Ilustración (IA)
Regresé a casa en una tarde lenta.
El autobús dejó pasajeros al principio del pueblo, a poca distancia de casa, justo lo suficiente para arrastrar mi maleta por el viejo camino de tierra. Ese camino solía ser accidentado y rocoso, y cuando hacía sol estaba polvoriento y cuando llovía me llegaba hasta los tobillos. Aun así, me encantaba. No es que me encantara el camino, sino la sensación de caminar bajo las hileras de eucaliptos verdes a ambos lados, con el viento soplando entre las hojas y escuchando a alguien cantar suavemente.
De niño, todas las tardes después de la escuela, me quitaba los zapatos, los llevaba en la mano y caminaba descalzo por ese camino de tierra. El suelo era cálido y suave como la piel humana, una sensación que ahora ni el dinero puede recuperar. Bajo la sombra de los eucaliptos, corría como el viento, me caía y me raspaba las rodillas, y me sentaba en el suelo solo para mirar hacia la copa del alto árbol, preguntándome si habría pájaros durmiendo allí.
El tiempo pasó como el humo de la cocina. Crecí, fui a la escuela lejos, luego me quedé en la ciudad. Pensé que era solo temporal, pero se convirtió en una larga estancia. La vida empezó a ser autobuses abarrotados, largas reuniones, días sin saber qué comer. El viento en la ciudad no era como en el campo; era como un soplo, sin olor a tierra ni el rumor de las hojas.

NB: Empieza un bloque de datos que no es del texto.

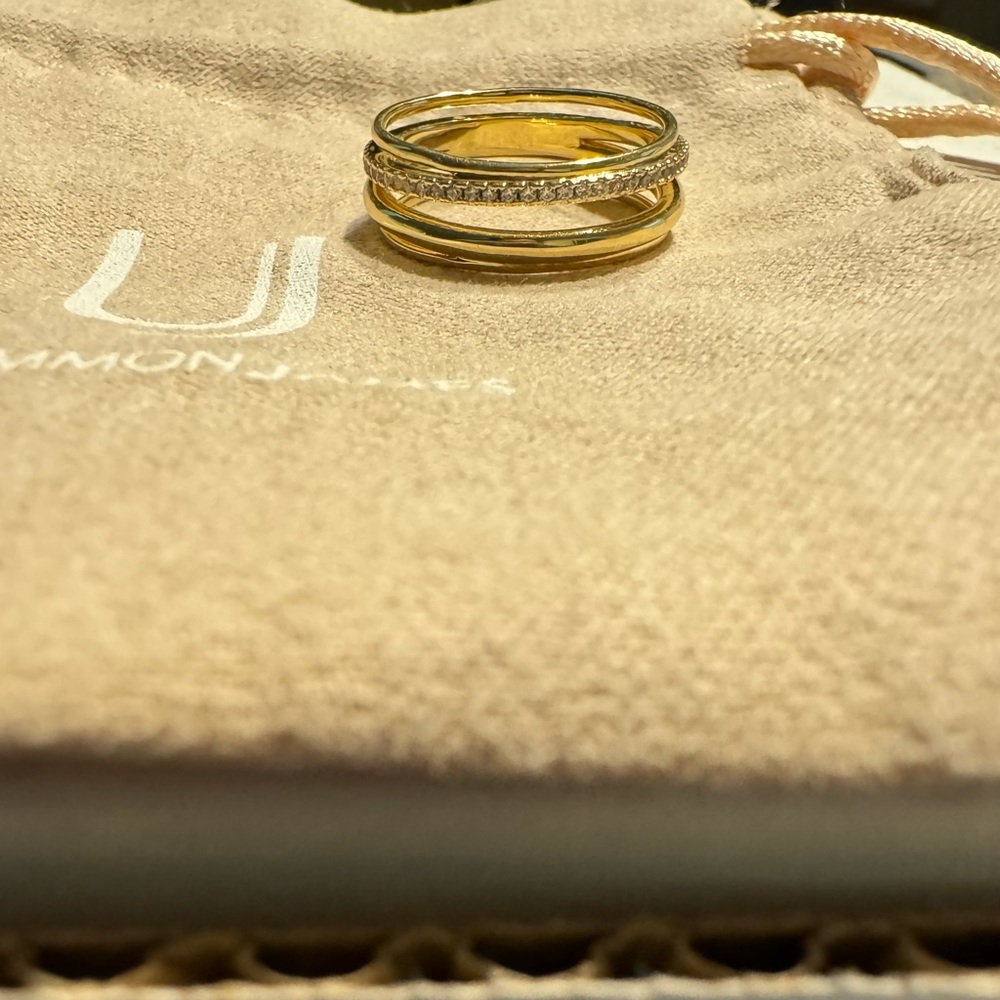 Uncommon James Ring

No sé cuándo empecé a temerle a la ciudad. No a la gente ni al paisaje, sino al vacío que se apodera de mí día a día. Hay millones de personas, pero es fácil sentirse solo. La habitación alquilada está limpia, el aire acondicionado refresca, pero por la noche es un silencio absoluto. No se oye el ruido de las gallinas, ni el de las zapatillas arrastrándose por el callejón, ni el de alguien llamando a los niños para que vuelvan a casa a cenar.
La ciudad me hace olvidar el sonido del rocío al caer. Me olvido de saludar a los desconocidos cada vez que los encuentro en el callejón. Estas cosas parecen insignificantes, pero cuando desaparecen, el corazón de la gente también se afloja como una camisa que ya no les queda.
Unos años después, la comuna construyó una carretera asfaltada. El camino era recto, los autos circulaban con fluidez y las luces amarillas se encendían todas las noches. Pero los eucaliptos fueron talados gradualmente. La razón aducida fue que las raíces bloqueaban la carretera, lo que la hacía peligrosa para los vehículos. No pude discutir, simplemente me quedé allí sentado viendo cómo caía cada árbol como si fuera un fragmento de mi memoria al ser arrancado de raíz; nadie preguntó si alguien aún quería conservarlos.
Esta vez, volví por el mismo camino. Ya no había tierra ni árboles. Solo unos pocos tocones desnudos yacían bajo el asfalto, negros como cicatrices secas. El viento era diferente; ya no olía a hojas viejas, ya no traía el familiar susurro. Todo se volvió extrañamente silencioso; una quietud no de paz, sino de vacío.
Me detuve en un lugar donde recordaba haber estado sentado. Había una raíz de eucalipto que sobresalía como una silla. Ya no estaba, pero seguía sentado en la acera, mirando el espacio frente a mí. Imaginé la figura de un niño con los pies sucios, sosteniendo una bolsa de tela y un corazón lleno de cosas que no podía nombrar.
Hay lugares que, al cambiar, no solo pierden su paisaje, sino también parte de sus hermosos recuerdos. Extraño el viento de la tarde soplando entre los árboles, extraño el sonido como si alguien me llamara con una voz muy suave. Extraño el olor húmedo de la tierra después de la lluvia de la tarde, también extraño mi pequeña figura sentada distraída cuando estaba a punto de salir de mi pueblo para ir a la escuela.
De regreso a casa, recogí una hoja seca de eucalipto que había dejado en la orilla. Pequeña, curvada como un barco. La guardé en el bolsillo, no para guardarla, sino para recordarme que a veces una hoja basta para aferrarse a un camino perdido.